The best musicians in town that weekend were Bruce Hornsby and Branford Marsalis, whose rendition of the national anthem was understated and therefore powerful. I can still see them. Luckily, I can still hear them, too.
The NBA All-Star game is a celebration of the sport, and the closer you get to it the bigger it is. Introduced before the game 24 years ago were Michael Jordan, Magic Johnson, Bernard King – so glad ESPN remembered King in its 30 for 30 series – James Worthy, Brad Daugherty, Karl Malone and John Stockton. To see those players in your town is moving no matter how many games you’ve seen.
The East won 116-114 primarily because MVP Charles Barkley, then of the Philadelphia 76ers, scored 17 points and grabbed an amazing 22 rebounds.
Dominique Wilkins, one of the sport’s all-time great leapers, went up for a dunk everybody would remember, and everybody did. He missed by a foot. When Wilkins, who played for Atlanta, returned to the bench, his teammates crushed him. They continued in the locker room after the game. Wilkins, a good guy, shook his head and laughed.
The Hornets were represented in the Slam Dunk Contest by Rex Chapman and Kendall Gill. By ’91, stars had begun to stop showing up to dunk. The lone big name was Shawn Kemp. He finished second to Dee Brown. Chapman was third and Kenny the Jet Smith was fourth.
More entertaining then, as now, was the Three-Point Shootout. Chicago’s Craig Hodges went on a tear and in the second round scored 24 points, 10 more than anybody else. He hit his first 19. Fans were as loud as they were all evening, screaming with every shot.
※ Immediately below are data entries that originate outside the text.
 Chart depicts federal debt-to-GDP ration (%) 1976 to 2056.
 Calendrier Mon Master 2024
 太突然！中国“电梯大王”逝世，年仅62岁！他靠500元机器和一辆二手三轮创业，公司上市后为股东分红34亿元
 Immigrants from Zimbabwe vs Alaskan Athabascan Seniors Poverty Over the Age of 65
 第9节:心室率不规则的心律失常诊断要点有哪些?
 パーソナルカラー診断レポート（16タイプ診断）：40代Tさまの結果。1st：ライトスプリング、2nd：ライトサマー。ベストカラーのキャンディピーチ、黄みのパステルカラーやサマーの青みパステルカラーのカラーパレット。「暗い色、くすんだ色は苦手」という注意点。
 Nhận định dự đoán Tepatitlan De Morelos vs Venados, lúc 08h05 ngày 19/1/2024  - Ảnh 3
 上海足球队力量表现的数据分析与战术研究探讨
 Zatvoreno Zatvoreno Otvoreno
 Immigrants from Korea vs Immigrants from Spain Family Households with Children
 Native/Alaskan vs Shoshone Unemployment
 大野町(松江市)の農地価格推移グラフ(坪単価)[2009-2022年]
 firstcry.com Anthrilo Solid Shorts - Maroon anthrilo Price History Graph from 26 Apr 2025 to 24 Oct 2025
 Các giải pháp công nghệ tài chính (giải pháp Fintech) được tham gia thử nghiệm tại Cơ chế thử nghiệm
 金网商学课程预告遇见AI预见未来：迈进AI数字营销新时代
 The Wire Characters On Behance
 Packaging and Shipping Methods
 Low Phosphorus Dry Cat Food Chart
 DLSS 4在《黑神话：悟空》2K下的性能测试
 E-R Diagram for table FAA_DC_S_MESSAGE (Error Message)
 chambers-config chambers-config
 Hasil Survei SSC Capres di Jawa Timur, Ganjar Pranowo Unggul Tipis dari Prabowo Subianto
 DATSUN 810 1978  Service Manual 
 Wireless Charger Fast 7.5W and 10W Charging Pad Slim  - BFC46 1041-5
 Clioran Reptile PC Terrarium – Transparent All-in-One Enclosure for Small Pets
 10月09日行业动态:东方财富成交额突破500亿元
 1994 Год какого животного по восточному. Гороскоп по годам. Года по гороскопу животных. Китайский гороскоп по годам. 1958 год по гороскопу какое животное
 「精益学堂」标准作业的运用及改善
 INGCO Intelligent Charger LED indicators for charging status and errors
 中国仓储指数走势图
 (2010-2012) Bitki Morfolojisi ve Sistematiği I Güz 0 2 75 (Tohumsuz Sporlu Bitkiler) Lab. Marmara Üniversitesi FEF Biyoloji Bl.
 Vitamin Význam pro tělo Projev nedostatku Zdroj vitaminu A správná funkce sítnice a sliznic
What you got for Hodges, Steph Curry? Curry was 3 years old at the time, so he probably did not have much.
We presumably will see Curry in ’17. Most of us will see him on TV. Time Warner Cable Arena will be jammed with sponsors as well as season ticket holders. Fans that want to get a better look can linger downtown and hope to encounter somebody they’re accustomed to watching on TV.
They also can go to Fan Fest, which likely will be at the Charlotte Convention Center. The events there will cater, as they should, to kids, and feature games as well as the game’s history. It will be like a basketball theme park.
Events change. The NBA adds them and drops them. But one event that’s likely to endure is the Rising Stars Challenge, which matches first-year players who theoretically are up and coming against their second-year counterparts.
The Hornets always have a player or players compete.
Festivities will be more memorable if by 2017 one of Charlotte’s young players finally has risen and plays in the All-Star Game.